Chega? O leitor já deve estar com o estômago embrulhado.
Quem disse tais barbaridades? Hitler? Algum reacionário qualquer? Nada disso.
Todas as citações são de Marx ou Engels, compiladas no livro “O marxismo e a
questão racial”, do cubano Carlos Moore, um negro exilado pelas críticas de
racismo feitas ao regime castrista.
O autor comprova que não se trata de afirmações fora de
contexto; ao contrário: Marx e Engels defenderam em várias ocasiões esta visão
imperialista ariana e racista.

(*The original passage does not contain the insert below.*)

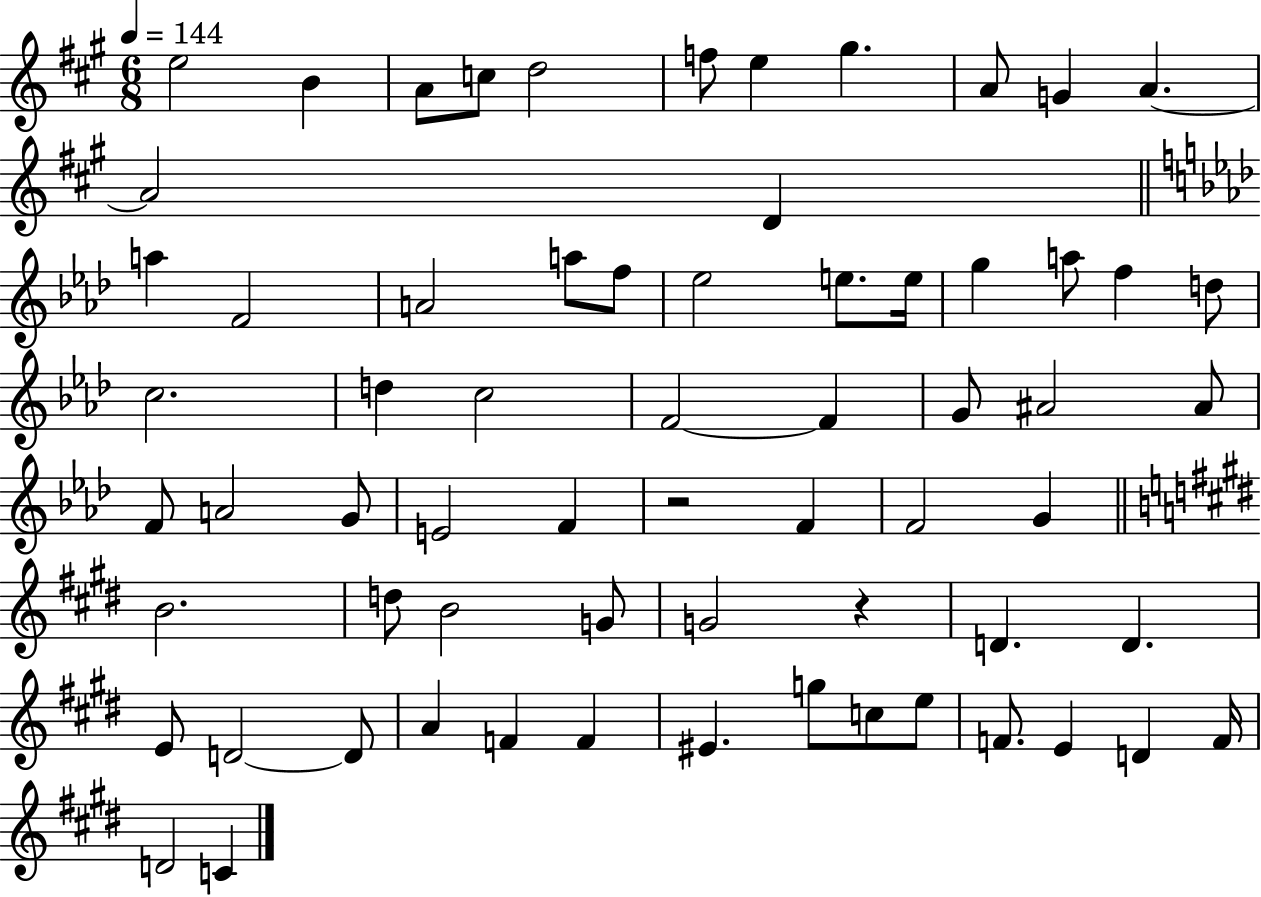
E5/h B4/q A4/e C5/e D5/h F5/e E5/q G#5/q. A4/e G4/q A4/q. A4/h D4/q A5/q F4/h A4/h A5/e F5/e Eb5/h E5/e. E5/s G5/q A5/e F5/q D5/e C5/h. D5/q C5/h F4/h F4/q G4/e A#4/h A#4/e F4/e A4/h G4/e E4/h F4/q R/h F4/q F4/h G4/q B4/h. D5/e B4/h G4/e G4/h R/q D4/q. D4/q. E4/e D4/h D4/e A4/q F4/q F4/q EIS4/q. G5/e C5/e E5/e F4/e. E4/q D4/q F4/s D4/h C4/q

Era parte essencial de sua ideologia.
Ambos beberam da mesma fonte, Hegel, que disse: “O que nós
propriamente entendemos por África é o Não Histórico, Não Desenvolvido
Espírito, ainda envolvido na condição de mera natureza, e que foi apresentado
aqui somente como soleira da História mundial.”
O problema é que nossos marxistas não leram Marx. Nelson
Rodrigues, que anda sendo citado por Dilma, escreveu: “E, por todas as cartas
de Marx, não há um vislumbre de amor e só o ódio, o puro ódio. Para ele, há
‘povos piolhentos’, ‘povos de suínos’, ‘povos de bandidos’, que devem ser
exterminados.”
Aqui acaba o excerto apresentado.